**Problem to solve**. When you reach the line containing "Genuine Leather Case", begin reproducing the material exactly, stop after the line containing "Cement slurry clearance measuring assembly", and leave out any pictures along the way.

**Data records**.
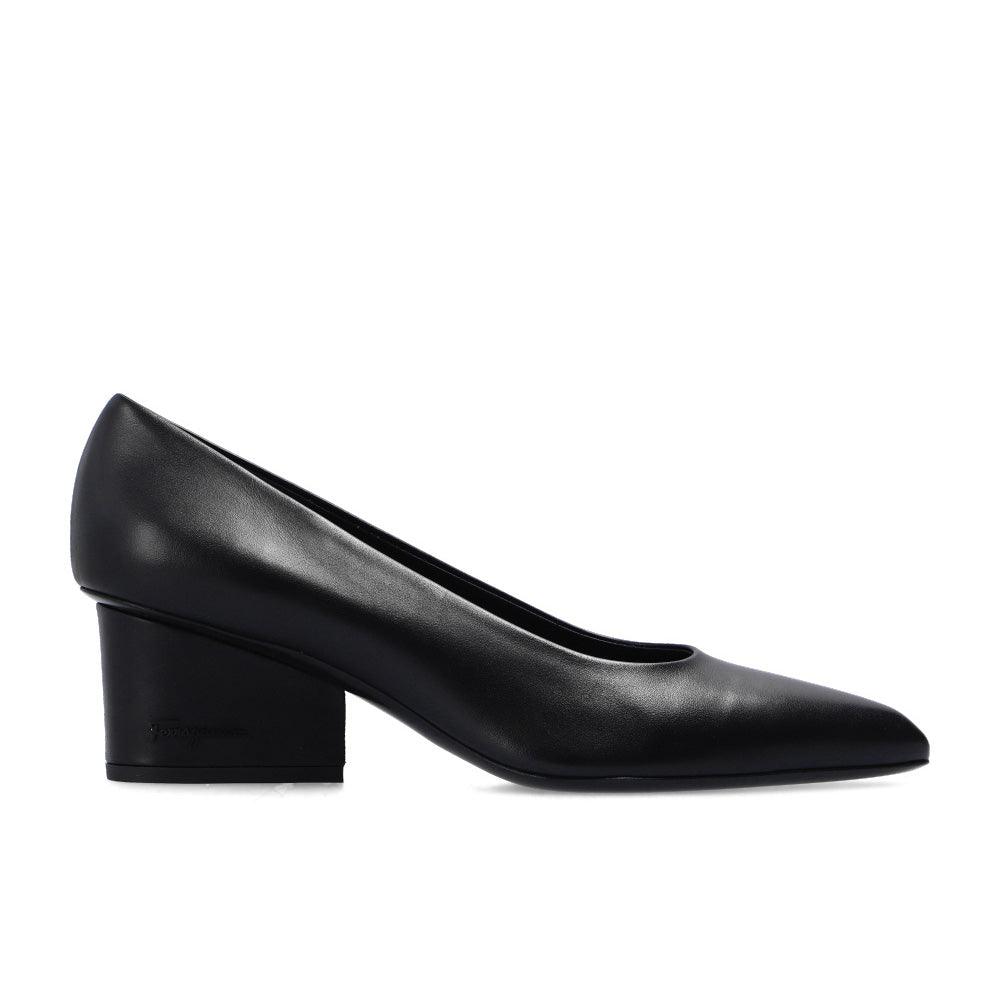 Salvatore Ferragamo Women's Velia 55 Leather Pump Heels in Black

* * *

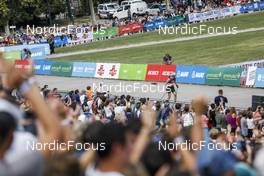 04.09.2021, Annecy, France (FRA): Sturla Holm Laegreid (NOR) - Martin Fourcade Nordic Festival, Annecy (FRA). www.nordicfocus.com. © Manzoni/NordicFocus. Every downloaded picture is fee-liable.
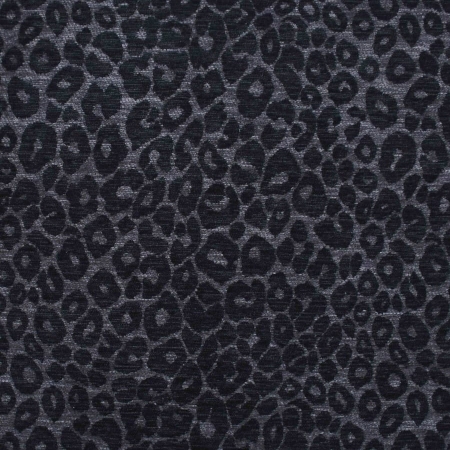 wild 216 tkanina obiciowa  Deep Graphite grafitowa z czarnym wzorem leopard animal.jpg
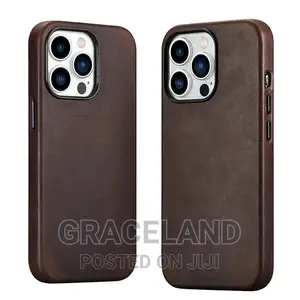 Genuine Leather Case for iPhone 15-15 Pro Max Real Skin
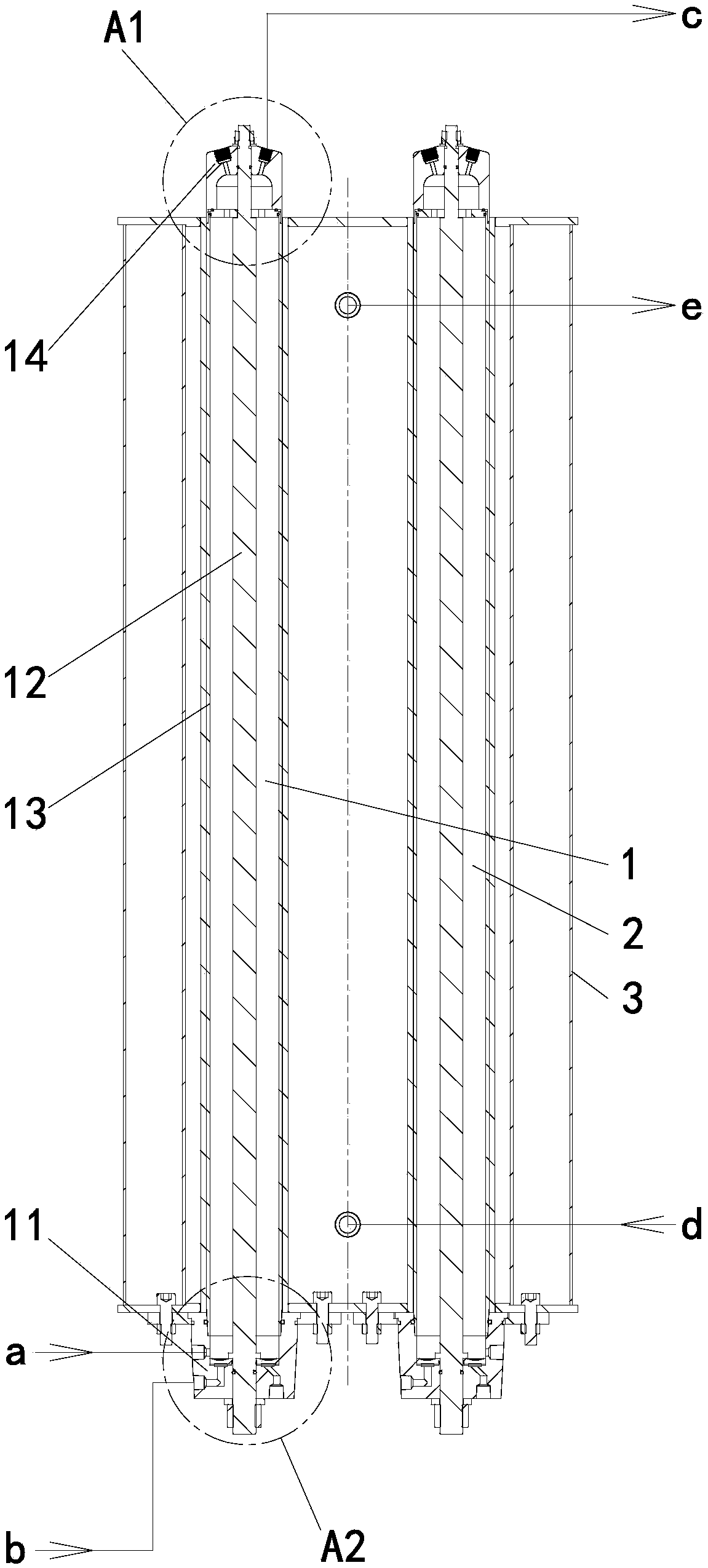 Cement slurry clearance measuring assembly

...

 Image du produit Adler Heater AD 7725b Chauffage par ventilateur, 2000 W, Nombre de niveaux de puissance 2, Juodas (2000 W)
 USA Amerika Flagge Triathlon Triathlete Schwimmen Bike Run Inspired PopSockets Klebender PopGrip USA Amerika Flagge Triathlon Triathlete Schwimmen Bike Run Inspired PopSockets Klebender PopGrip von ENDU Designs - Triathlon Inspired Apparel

**Solved problem**.
 Genuine Leather Case for iPhone 15-15 Pro Max Real Skin
 Cement slurry clearance measuring assembly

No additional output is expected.